EL ÁRBOL DE LA VIDA
Charles no era un soldado
que escribiera cartas a su amada sobre el asiento de su batería, ni tampoco escribía versos en un café atestado sobre una mesa redonda.
Charles, siendo aún muy joven,
se había consagrado a la vida contemplativa del Monasterio y dominaba hasta cierto punto su inquietud paseando, dando vueltas al huerto, leyendo poemas apenas se levantaba el sol.
No notaba una rara peculiaridad en él:
el revoleteo de un pequeño ramillete de mariposas sobre su cabeza que le seguían a donde fuera. Todos los hermanos veían en aquella rareza un signo sagrado.
Entre las causas
que le llevaron a entrar en la Orden Benedictina se hallaba el hecho de que la gélida caricia de una esquiva mujer nunca despertó en su piel sensación digna de alguna mención.
Sólo el sabor a fruta de unos labios distintos
puso alas de espuma en su corazón solitario. Pero misteriosamente aquella Dama distinta a todas desapareció en la noche como la luz.
Hay que decir
que hasta el momento de entrar definitivamente en el Monasterio Charles era el único voluntario, sin derecho a llorar, dispuesto a traducir del latín al francés libros y libros que ocupaban un espacio inmenso en la ordenada biblioteca
.
La falta de contacto femenino
había alcanzado en Charles una hipersensibilidad desconocida por él haciendo que el mínimo roce le provocase una lluvia de estrellas.
Charles soñaba despierto
con un fantasma azul a su lado
y dormía abrigado por nubes de algodón, se imaginaba cabalgar sin descanso en caballos con alas como otro Pegaso,
mientras perdía en el juego soledad y razón,
con el reloj de sol tapado por la sombra del Árbol de la Vida (Thuya occidentalis).
Soñaba con fusionar las noches con los días
escondido en aquel jardín junto a la biblioteca preparando con antelación el viaje hacia el Apex.
La vida se le presentaba a Charles larga,
y, finalmente agradable como en un cuento de hadas; el hueco entre sus libros era su mejor refugio aunque aún el deseo huir fuese tan fuerte.
La gran preocupación de Charles
era un dolor punzante al orinar y unas cuantas gotas de sangre al final de la micción mezcladas con pus de mal pronóstico.
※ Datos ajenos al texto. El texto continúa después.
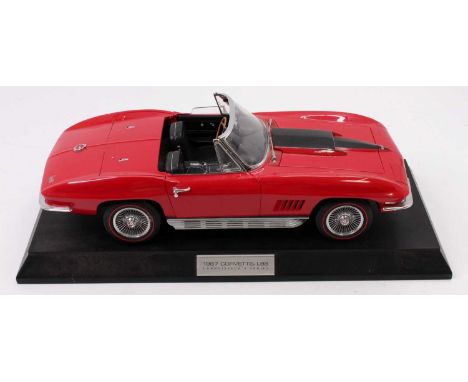 A Franklin Mint Connoisseur Series 1/12th scale 1967 Corvette L88 with its wooden stand, the model has been on display and is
Finalmente se decidió a ser visitado por Samuel,
el médico del Monasterio, que cosió a preguntas extrañas a Charles. Al saber que el Hermano de las Mariposas tenía el hábito de contar las vueltas que daba al huerto con una ramita de Thuya en la boca,
pidió un mortero
y comenzó sus sucesivas trituraciones.
¡Alquimia pura!
Charles recuperó la salud
y la alegría de vivir junto al Árbol de la Vida que tapaba con su sombra el reloj de sol. Sus traducciones del latín fueron las más poéticas.
Johann R. Bach
Un relato humano e inspirador. Me gusto aprender algo acerca del árbol de la vida. Un saludo.